=== Begin Enclosure ===
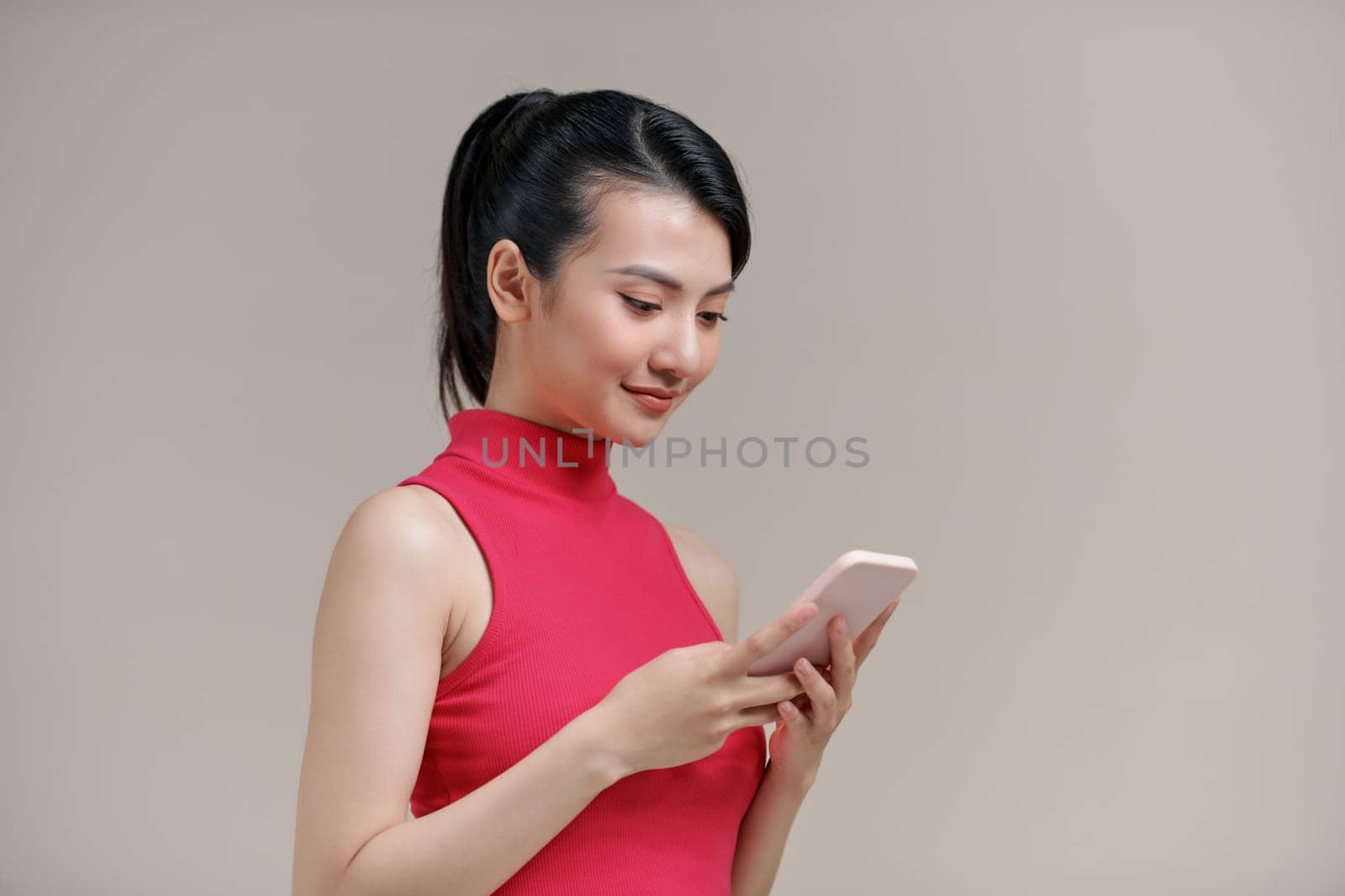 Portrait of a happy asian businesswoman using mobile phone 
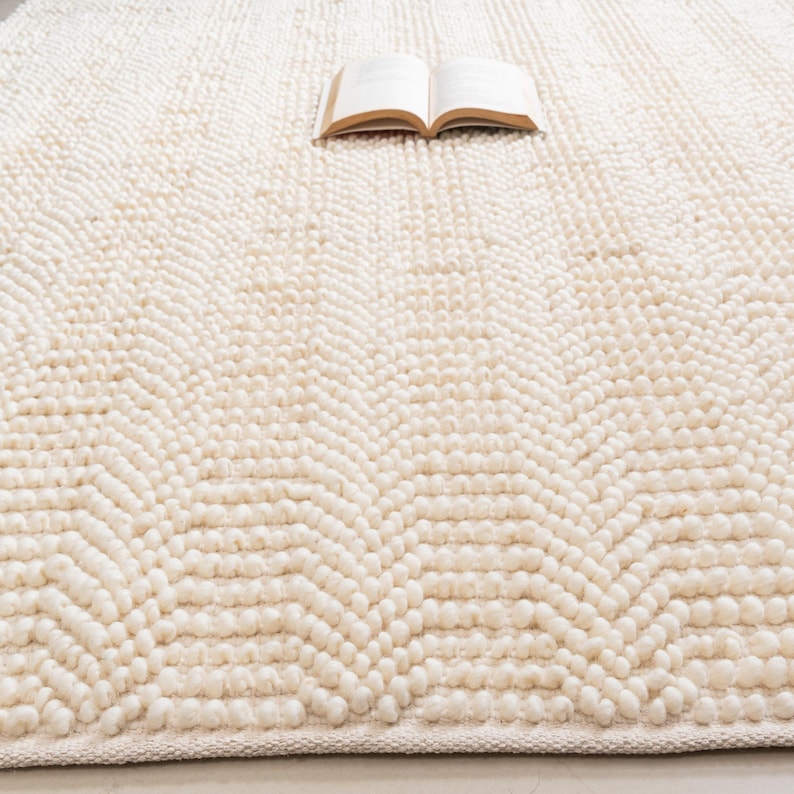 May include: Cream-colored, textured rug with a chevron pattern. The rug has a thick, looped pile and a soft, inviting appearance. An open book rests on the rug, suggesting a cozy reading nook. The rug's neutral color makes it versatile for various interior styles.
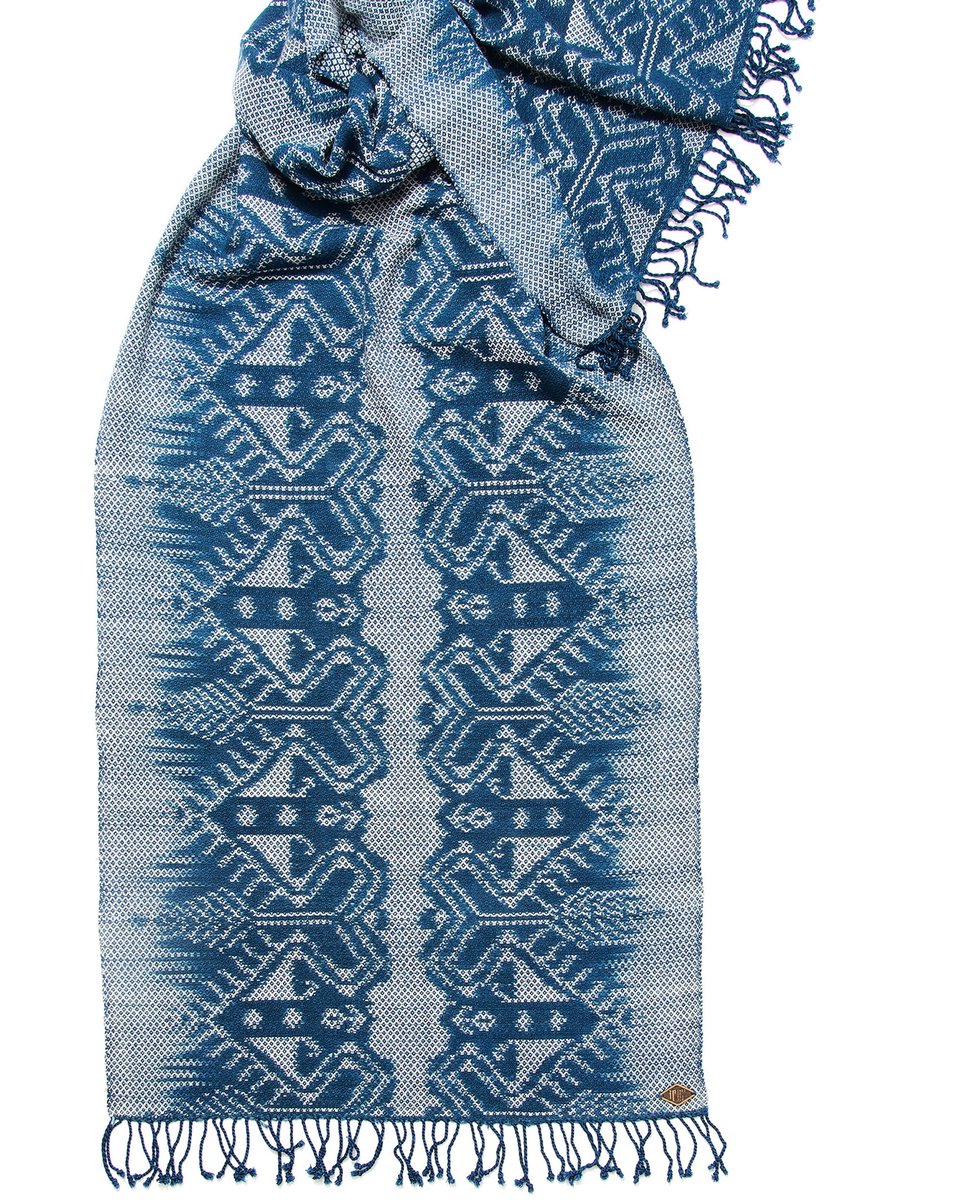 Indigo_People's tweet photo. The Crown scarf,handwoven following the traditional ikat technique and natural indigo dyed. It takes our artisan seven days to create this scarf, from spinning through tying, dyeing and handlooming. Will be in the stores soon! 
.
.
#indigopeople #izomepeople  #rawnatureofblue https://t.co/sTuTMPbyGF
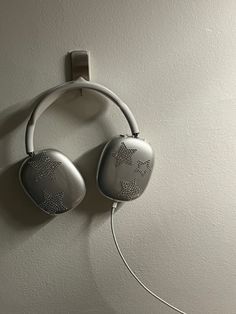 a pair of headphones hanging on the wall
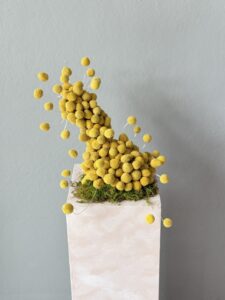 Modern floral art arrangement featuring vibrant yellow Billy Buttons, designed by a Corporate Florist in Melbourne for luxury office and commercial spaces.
=== End Enclosure ===
How to complete this task:
Give the lines from the one containing "Indigo_People's tweet photo." through the last line of the material again, exactly and with no pictures, both ends included.

Answer area:
 Indigo_People's tweet photo. The Crown scarf,handwoven following the traditional ikat technique and natural indigo dyed. It takes our artisan seven days to create this scarf, from spinning through tying, dyeing and handlooming. Will be in the stores soon! 
.
.
#indigopeople #izomepeople  #rawnatureofblue https://t.co/sTuTMPbyGF
 a pair of headphones hanging on the wall
 Modern floral art arrangement featuring vibrant yellow Billy Buttons, designed by a Corporate Florist in Melbourne for luxury office and commercial spaces.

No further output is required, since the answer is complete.